Earlier this season DoL investigators began showing up at farms in Washington state, including Blue Mountain Farms in Burbank.
On July 23 investigators were given permission to enter Blue Mountain's packing shed and the fields where berries were being picked. When they showed up again the next day, they were denied access and told to leave. The farm said investigators were disrupting the harvest.
The department went to court to get a restraining order against the grower and force their way onto the farm. But given the grower's cooperation with the first inspection, and absent any evidence of violations, the judge denied the request.
As Blue Mountain's lawyers argued, nothing prevented the department from interviewing employees when their shifts had ended or otherwise agreeing to reasonable limitations to an onsite inspection so that harvest was not disrupted.

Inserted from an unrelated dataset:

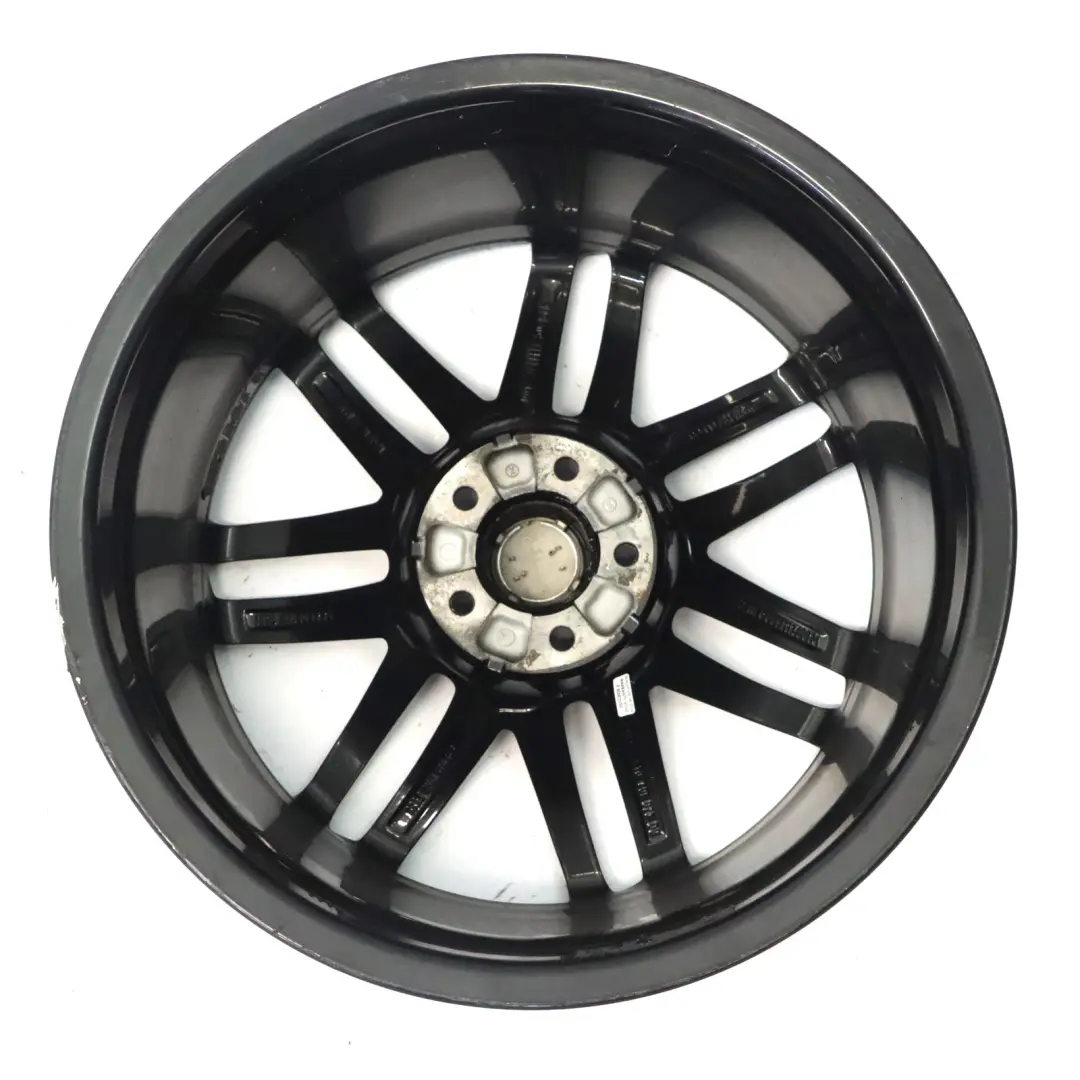 Audi A4 B8 A5 8T Noir Jante Alliage 19" ET:33 9J - SKU 8T0601025DB-1 - Numéro de pièce 8T0601025DB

Instead, the agency has invoked the "hot goods" provision and asked Blue Mountain Farms to cease shipping its fruit. A letter from the Labor Department claims to "have found apparent minimum wage and overtime violations at the farm and packing house."
The agency has not provided any information about specific violations or why inspectors believe they occurred, according to a declaration filed by the farm's attorney, Tim Bernasek. The department did not respond to our reporter's request for information.
It seems to us that when the department couldn't make its case in court it invoked the "hot goods" provisions knowing that even the threat of such an action will keep customers from buying Blue Mountain Farms' fruit. It wants the grower to admit guilt and pay up -- all without ever having to present any evidence to support allegations of wrongdoing.
It's an end run around the due process rights of the grower. It's state-sponsored extortion.
In an earlier editorial we labeled such heavy-handed government action as tyranny. We stand by that assessment, wishing only we had a stronger word with which to describe this unreasonable use of power.